#### [TASK STATEMENT]
For this exercise, reproduce each entry below exactly, excluding pictures.

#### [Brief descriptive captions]
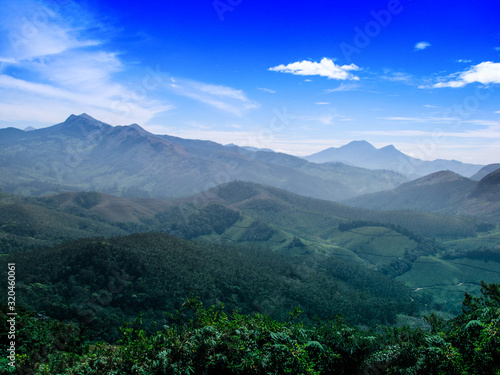 The Scenic beauty of Munnar tea plantation in Southern part of India, Kerala, with Western Ghats mountains region. © Tiby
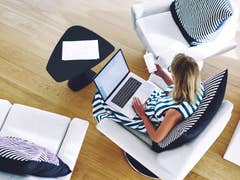 Woman sitting on a chair with a laptop and phone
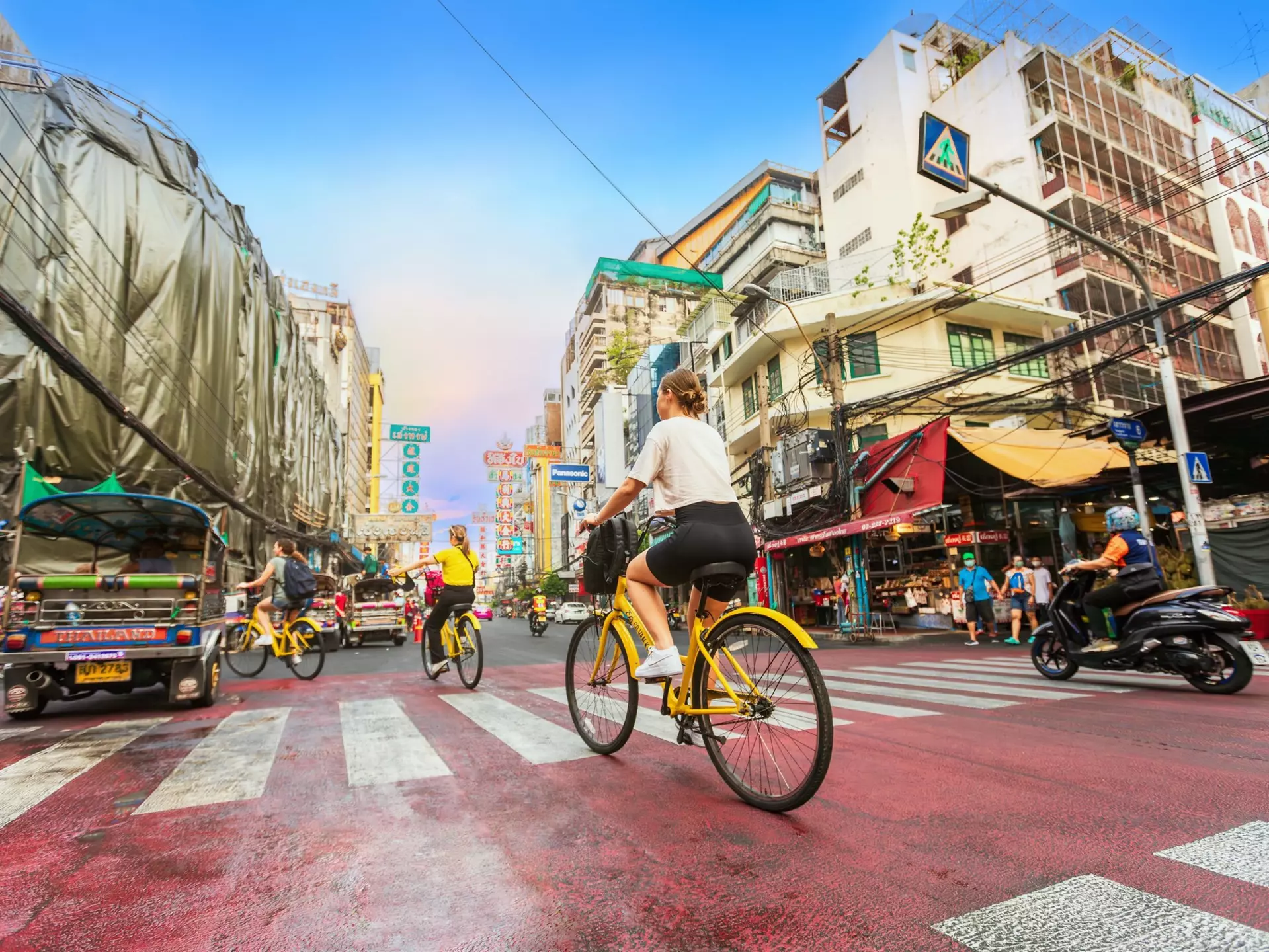 A traveler riding on a bicycle to see the city life in the morning in the Chinatown of Bangkok or Yaowarat Road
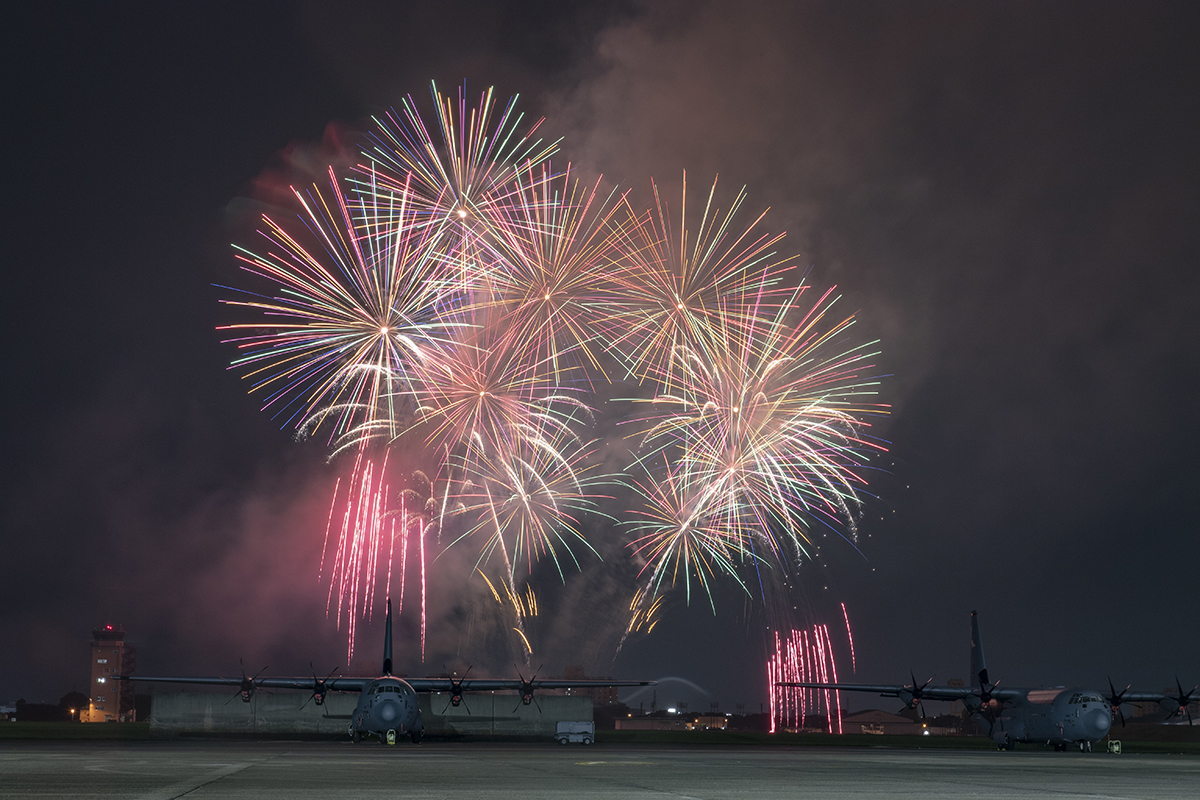 Fireworks explode behind a C-130J Super Hercules during Celebrate America at Yokota Air Base, Japan, July 3, 2019. (Airman 1st Class Brieana E. Bolfing/Air Force)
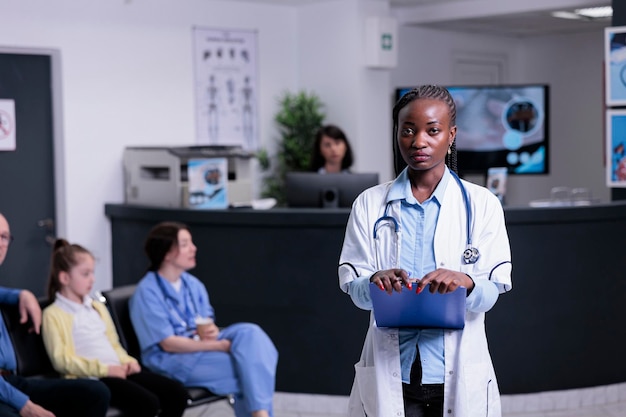 임상 상담을 위해 환자 예약을 기다리는 병원 리셉션에 서 있는 자신감 있는 의료진의 초상화. 의료 데이터 클립보드를 들고 병원 유니폼에 아프리카계 미국인 의사.
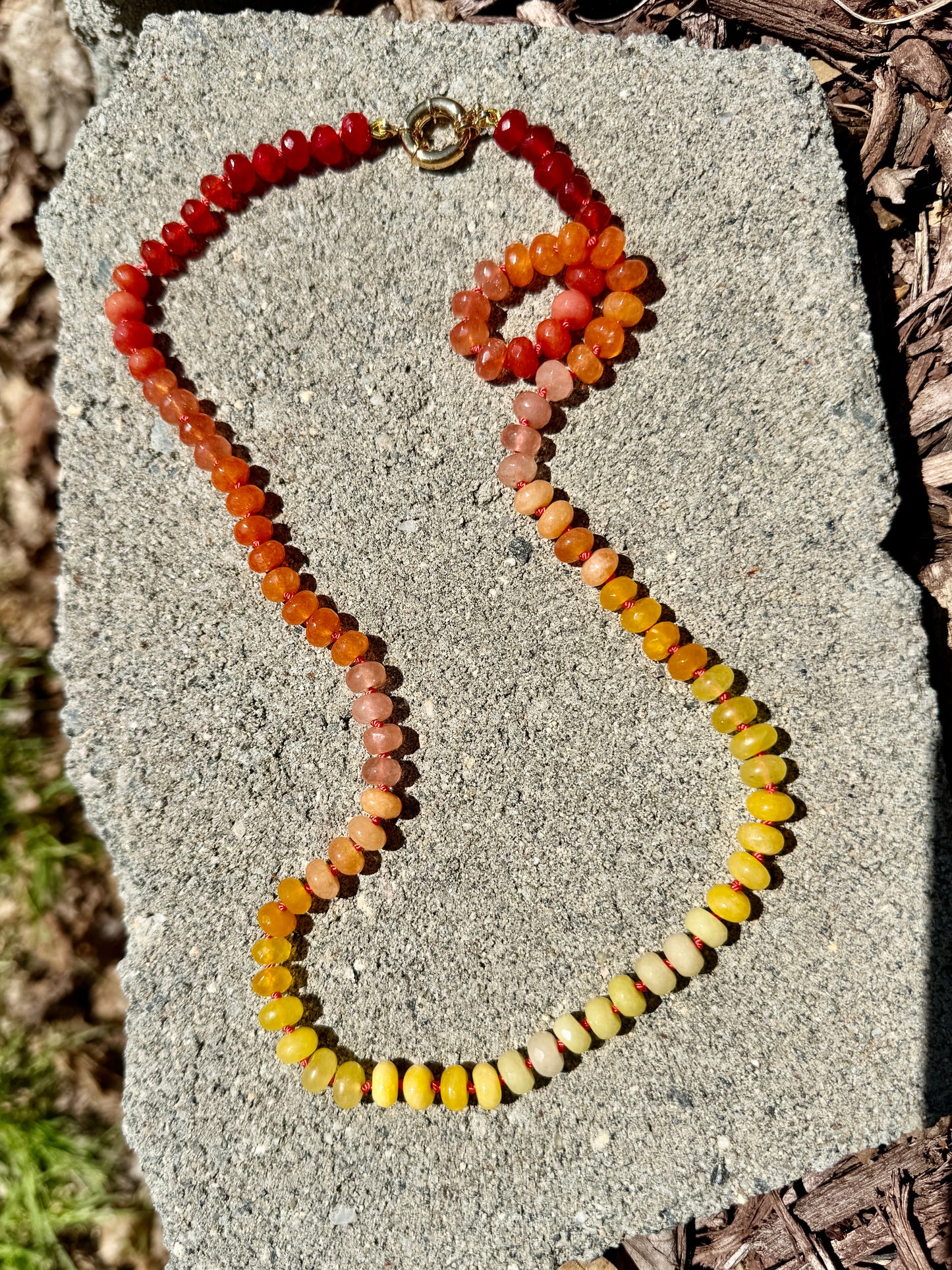 Hand Knotted Summer Sunset Gemstone Beaded Necklace. Made with orange, red and yellow Jade beads.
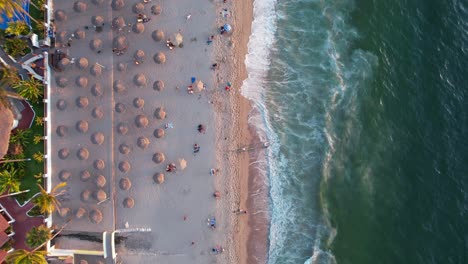 turistas en la playa de los muertos con sombrillas de paja al atardecer en puerto vallarta méxico, antena de arriba hacia abajo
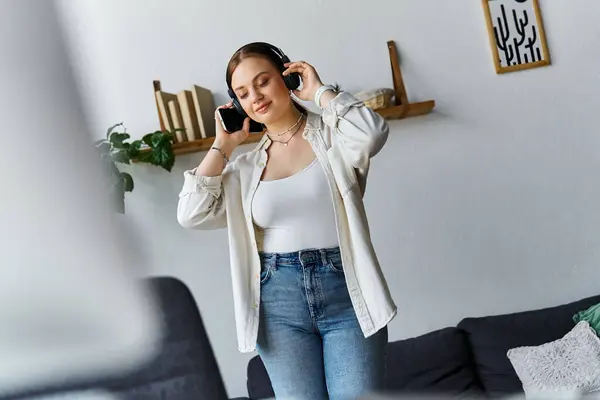 Молода жінка, одягнена випадково, слухає музику вдома. — Stock Photo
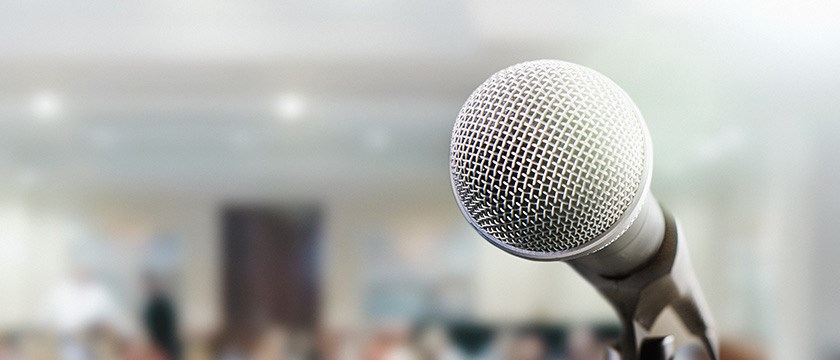 Microphone in front of a crowd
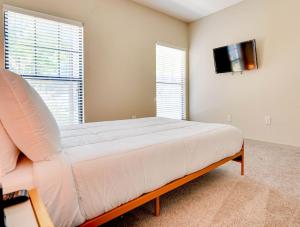um quarto com uma cama e uma televisão de ecrã plano em Pool, Gym - Cozy Apartment Oasis em Suwanee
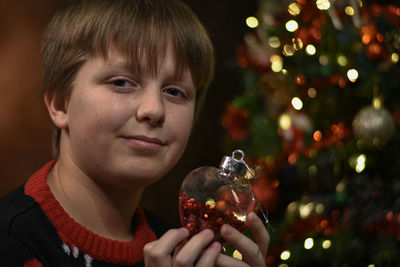 Portrait of young boyholding christmas decoration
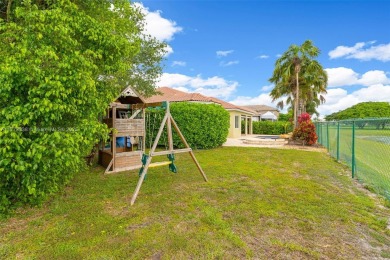 BEAUTIFUL PALM ISLES ESTATE HOME W/ GOLF AND LAKE VIEW. This on Keys Gate Golf Club in Florida - for sale on GolfHomes.com, golf home, golf lot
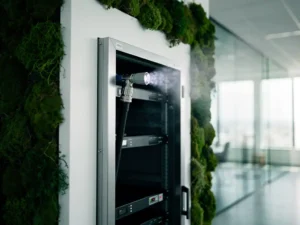 Fire suppression nozzle inside a server cabinet surrounded by green moss on white walls, with nitrogen mist in a LEED-certified data center interior.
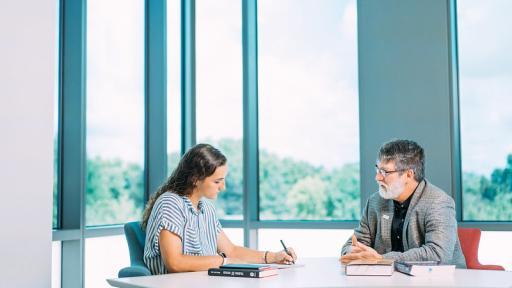 Professor and student at table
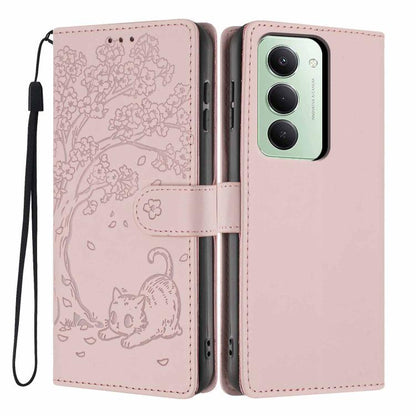 Light pink embossed flip vegan leather phone case with cat tree design and wrist strap.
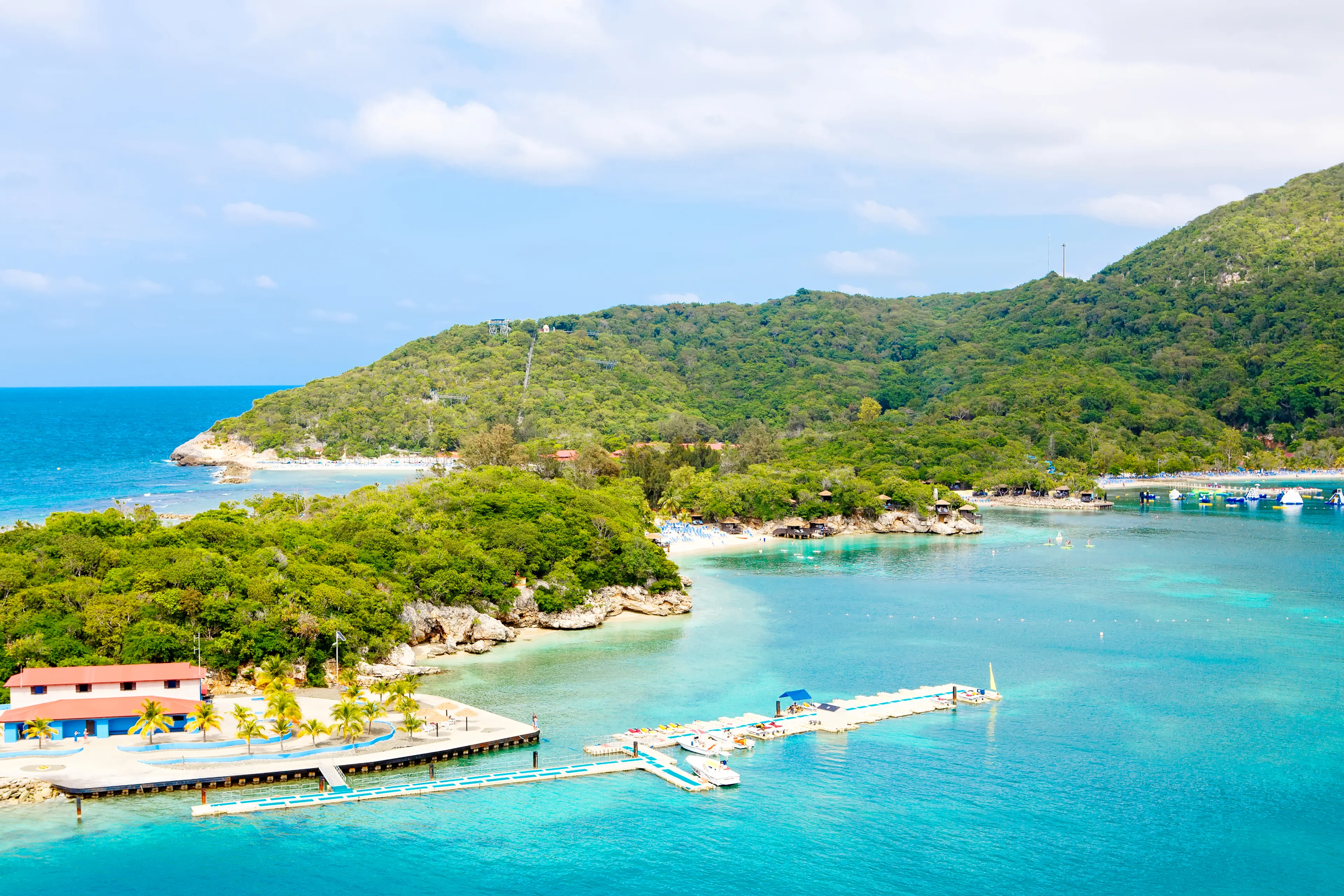 Beach and tropical resort, Labadee island, Haiti. Exotic wild beach with palm and coconut trees against blue sky and azure water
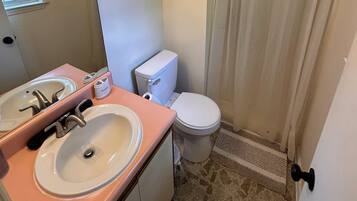 Un baño con inodoro, dos lavamanos, espejo y cortina de ducha.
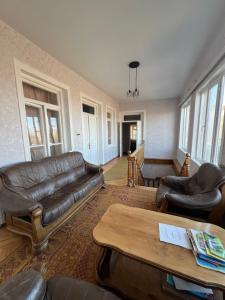 Ruang duduk di GuestHouse LILIA &Wine Celler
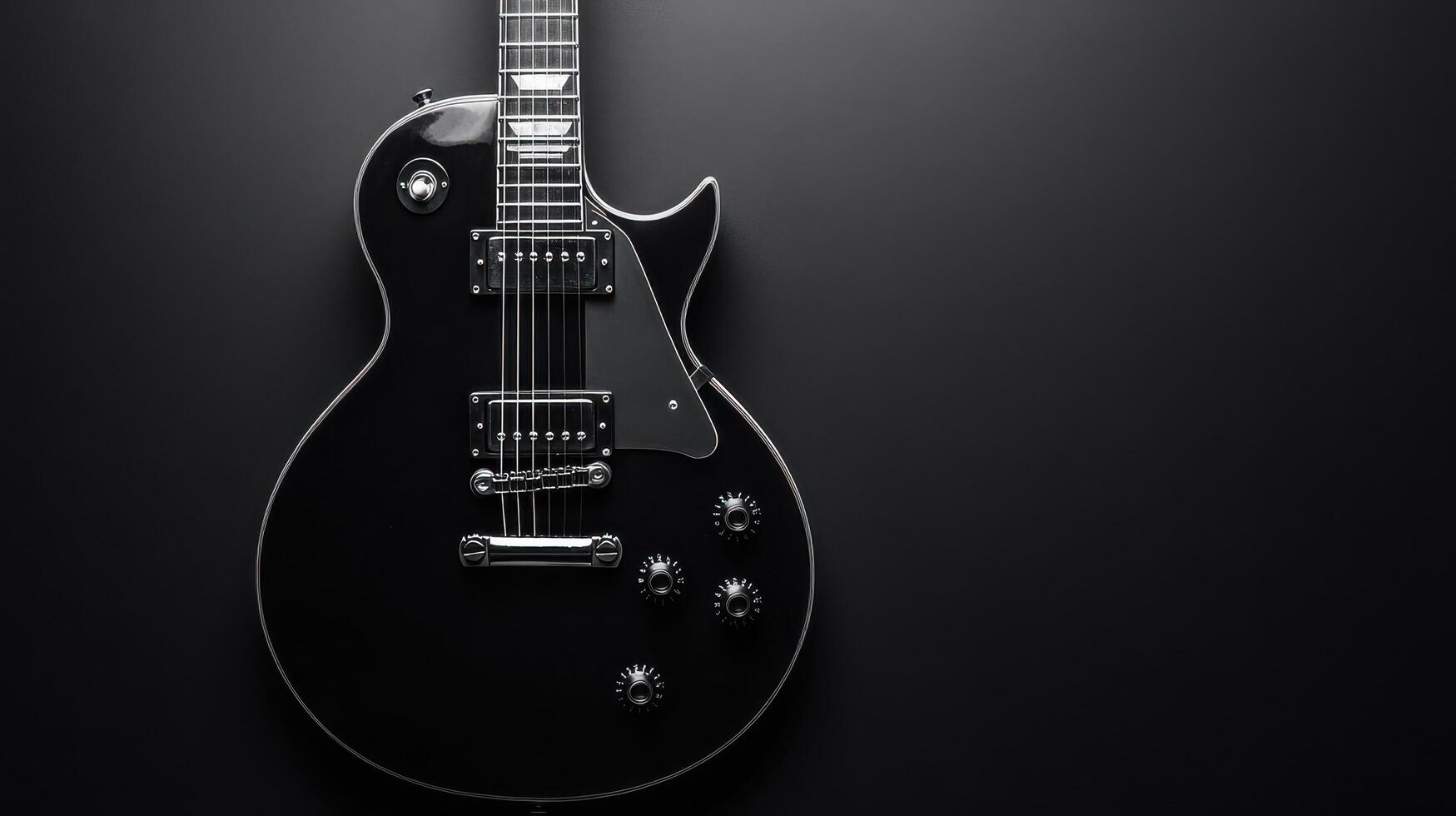Black electric guitar with chrome hardware against a dark background highlighting its sleek design and details photo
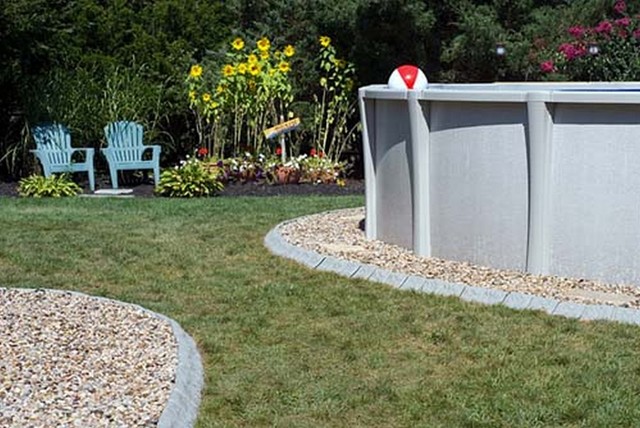 Stone Edge around Pool traditional-landscape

#### [EXERCISE OUTPUT]
 The Scenic beauty of Munnar tea plantation in Southern part of India, Kerala, with Western Ghats mountains region. © Tiby
 Woman sitting on a chair with a laptop and phone
 A traveler riding on a bicycle to see the city life in the morning in the Chinatown of Bangkok or Yaowarat Road
 Fireworks explode behind a C-130J Super Hercules during Celebrate America at Yokota Air Base, Japan, July 3, 2019. (Airman 1st Class Brieana E. Bolfing/Air Force)
 임상 상담을 위해 환자 예약을 기다리는 병원 리셉션에 서 있는 자신감 있는 의료진의 초상화. 의료 데이터 클립보드를 들고 병원 유니폼에 아프리카계 미국인 의사.
 Hand Knotted Summer Sunset Gemstone Beaded Necklace. Made with orange, red and yellow Jade beads.
 turistas en la playa de los muertos con sombrillas de paja al atardecer en puerto vallarta méxico, antena de arriba hacia abajo
 Молода жінка, одягнена випадково, слухає музику вдома. — Stock Photo
 Microphone in front of a crowd
um quarto com uma cama e uma televisão de ecrã plano em Pool, Gym - Cozy Apartment Oasis em Suwanee
 Portrait of young boyholding christmas decoration
 BEAUTIFUL PALM ISLES ESTATE HOME W/ GOLF AND LAKE VIEW. This on Keys Gate Golf Club in Florida - for sale on GolfHomes.com, golf home, golf lot
 Fire suppression nozzle inside a server cabinet surrounded by green moss on white walls, with nitrogen mist in a LEED-certified data center interior.
 Professor and student at table
 Light pink embossed flip vegan leather phone case with cat tree design and wrist strap.
 Beach and tropical resort, Labadee island, Haiti. Exotic wild beach with palm and coconut trees against blue sky and azure water
 Un baño con inodoro, dos lavamanos, espejo y cortina de ducha.
 Ruang duduk di GuestHouse LILIA &Wine Celler
Black electric guitar with chrome hardware against a dark background highlighting its sleek design and details photo
 Stone Edge around Pool traditional-landscape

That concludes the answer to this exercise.